• [Your objective] Retype every line from the one containing "Leraar Pre-k Mijn" through the last line of the records below, both included; leave out the pictures.

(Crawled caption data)
^^^^^^^^
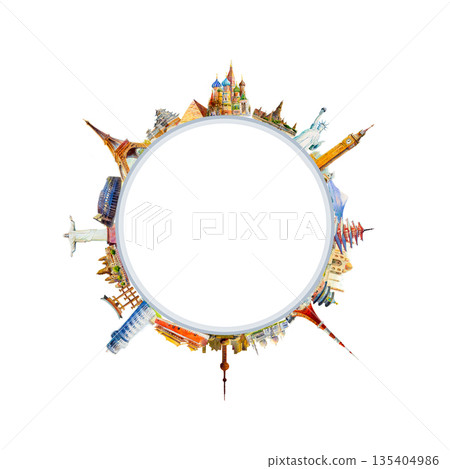 Famous world landmarks located around the globe isolated on white background. 135404986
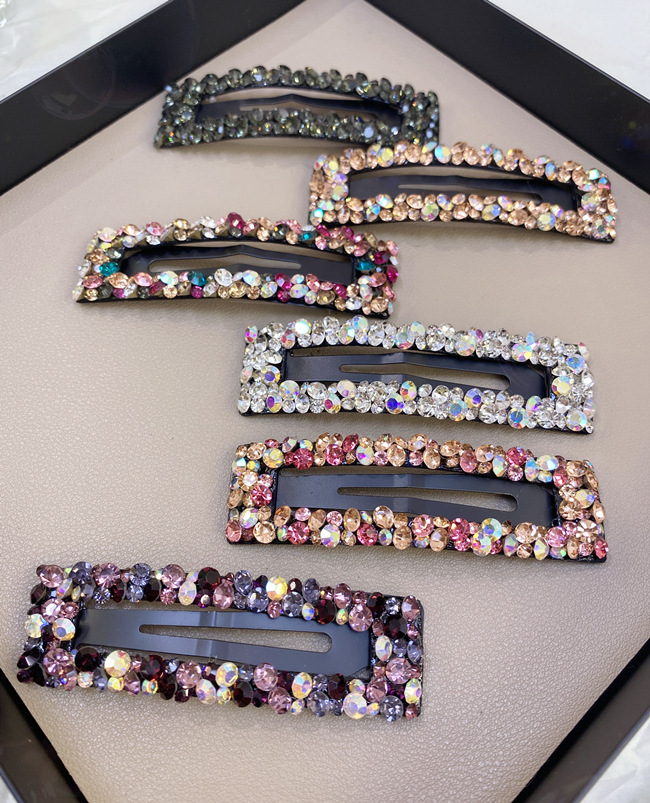 Korean Rhinestone Bb Hairpin No Trace Crystal Hollow Water Drop Square Triangle Super Flash Bangs Hairpin Hair Accessories Wholesale Nihaojewelry display picture 25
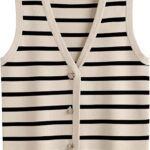 LILLUSORY Summer Vest Tops for Women 2025 Striped Sweater Vests Vacation Button Up Outfits Spring Shirts Blouses Clothes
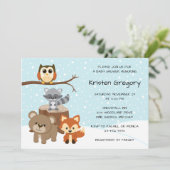 ウッドランドフォレストウィンターベビーシャワー招待状 招待状 (スタンド正面)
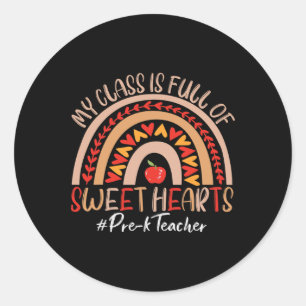 Leraar Pre-k Mijn Klas Zit Vol Zoete Hartjes Valen Ronde Sticker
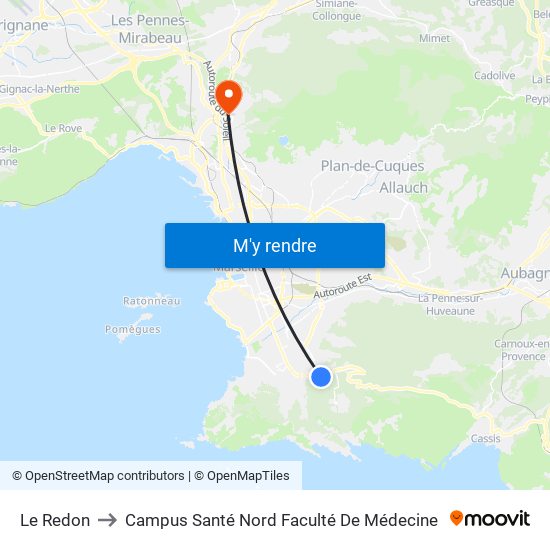Le Redon to Campus Santé Nord Faculté De Médecine map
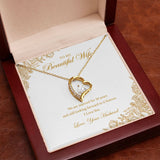 "Still Looking Forward" Wife Golden Wedding Anniversary Necklace Gift From Husband Forever Love Pendant Jewelry Box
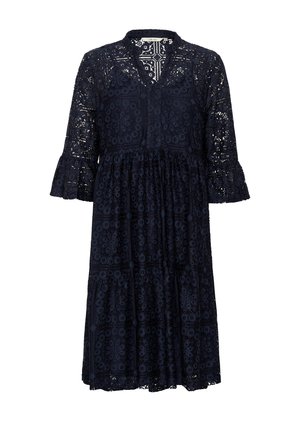 Navy blue lace dress featuring a v-neck, three-quarter flared sleeves, and a tiered skirt. Notable floral patterns throughout the fabric.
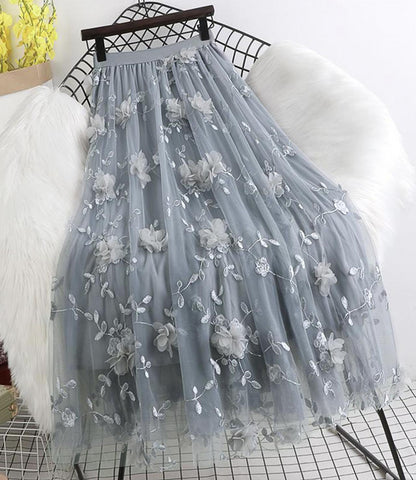 Cute A line tulle short skirt  3455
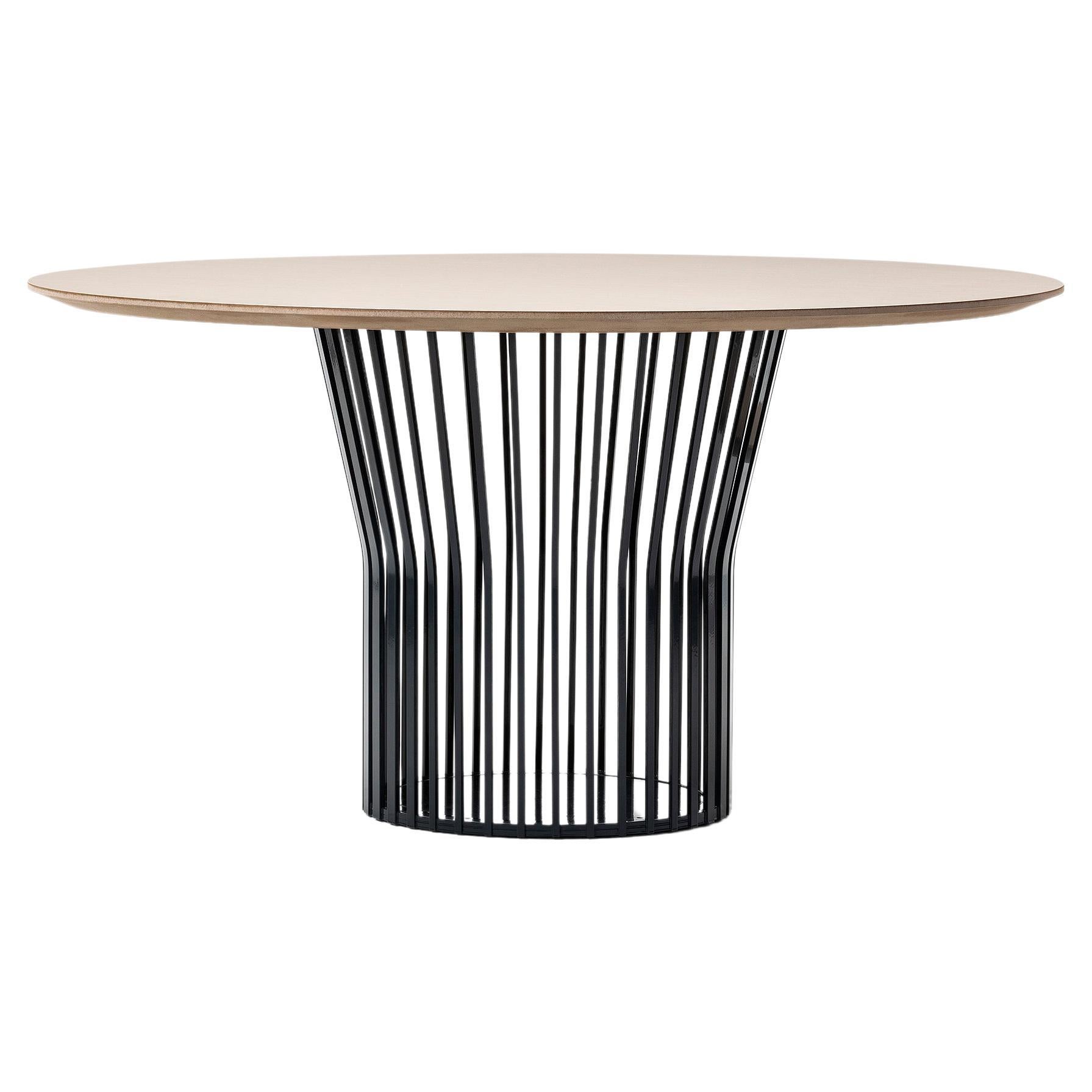 Ray Table 0142, Metal, Design, Living, Wood, Home, Table, Original, Black, Oak For Sale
^^^^^^^^
• [Your solution]
 Leraar Pre-k Mijn Klas Zit Vol Zoete Hartjes Valen Ronde Sticker
Le Redon to Campus Santé Nord Faculté De Médecine map
 "Still Looking Forward" Wife Golden Wedding Anniversary Necklace Gift From Husband Forever Love Pendant Jewelry Box
 Navy blue lace dress featuring a v-neck, three-quarter flared sleeves, and a tiered skirt. Notable floral patterns throughout the fabric.
 Cute A line tulle short skirt  3455
 Ray Table 0142, Metal, Design, Living, Wood, Home, Table, Original, Black, Oak For Sale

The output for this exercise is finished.